1

I have been trying to implement a multiple producer and multiple consumer model using multiprocessing in python. Producers Scrape data from the web and Consumers process the data. At first I just implemented two function producers and consumer with particular functionality and used Queue to communicate between them but couldn't figure out how to handle the completion event. Then I implemented the model using semaphore -

def producer(RESP_q, URL_q, SEM):
    with SEM:
        while True:
            url = URL_q.get()

            if url == "END": 
                break

            RESP = produce_txns(url)
            RESP_q.put(RESP)

def consumer(RESP_q, SEM, NP):
    while SEM.get_value() < NP or not RESP_q.empty():
        resp = RESP_q.get()

        for txn in resp:
            _txn = E_Transaction(txn)
            print(_txn)
 
        RESP_q.task_done()


class Manager:
    def __init__(self):
        self.URL_q = Queue()
        self.RESP_q = JoinableQueue()
        self.max_processes = cpu_count()
        self.SEM = Semaphore(self.max_processes // 2)

    def start(self):
        self.worker = []

        for i in range(0, self.max_processes, 2):
            self.worker.append(Process(target=producer, args=(self.RESP_q, self.URL_q, self.SEM)))
            self.worker.append(Process(target=consumer, args=(self.RESP_q, self.SEM, self.max_processes // 2)))
        
        url_server(self.URL_q, self.max_processes // 2)
        #Consider URL_q holds -> [*data, *["END"]*(self.max_processes // 2)]

        for worker in self.worker:
            worker.start()

        self.stop()

    def stop(self):
        for worker in self.worker:
            worker.join()

        self.RESP_q.join()
        self.RESP_q.close()
        self.URL_q.close()
        

Manager().start()

This implementation fails when (In Consumer) RESP_q is empty and SEM is close to max_process and when the interpreter satisfies the while condition, SEM will have the same value as max_process and no producers will be left and program gets blocked at get method. I am not able solve this problem.

Edit 1.

@Louis Lac's Implementation is also correct. I corrected my code to remove the deadlock using try-except block.

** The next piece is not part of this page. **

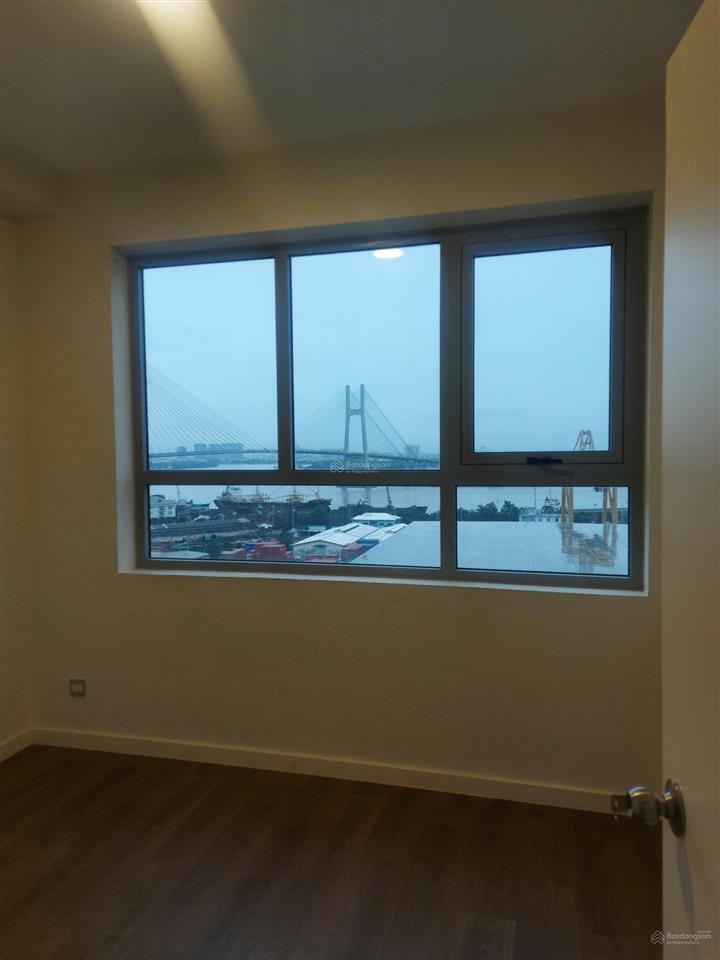 Bán căn góc 3pn, luxgarden q7, sổ hồng có sẵn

def consumer(RESP_q, SEM, NP):
    while SEM.get_value() < NP or not RESP_q.empty():
        try:
           resp = RESP_q.get(timeout=0.5)
        except Exception:
           continue
Rinkeby
  • 13
  • 3
  • Why using a semaphore? Replace the `while True` infinite loop with a `while condition` loop, where `condition` is initially `True` and changed to `False` when processing is done. – Louis Lac Nov 02 '21 at 13:58
  • There are multiple consumers and producers, there is a slight difference between it and single producer and consumers model because not all consumers can know when all the producers are finished. – Rinkeby Nov 02 '21 at 14:24
  • You can create a "registration" activity for the producers. When a producer registers a shared counter is incremented. When the producer completes its last action is to deregister, which decrements the shared counter. Consumers can then complete their work when the shared counter goes from not 0 to 0. – Jim Rogers Nov 02 '21 at 20:01

1 Answers1

1

Here is an example of multiple consumers multiple producers implementation. You can use the daemon flag when instantiating the processes so that they are automatically closed when the program quits. You can then use the JoinableQueue and join them (instead of joining the processes) so that the programs quits when there is no item left to process.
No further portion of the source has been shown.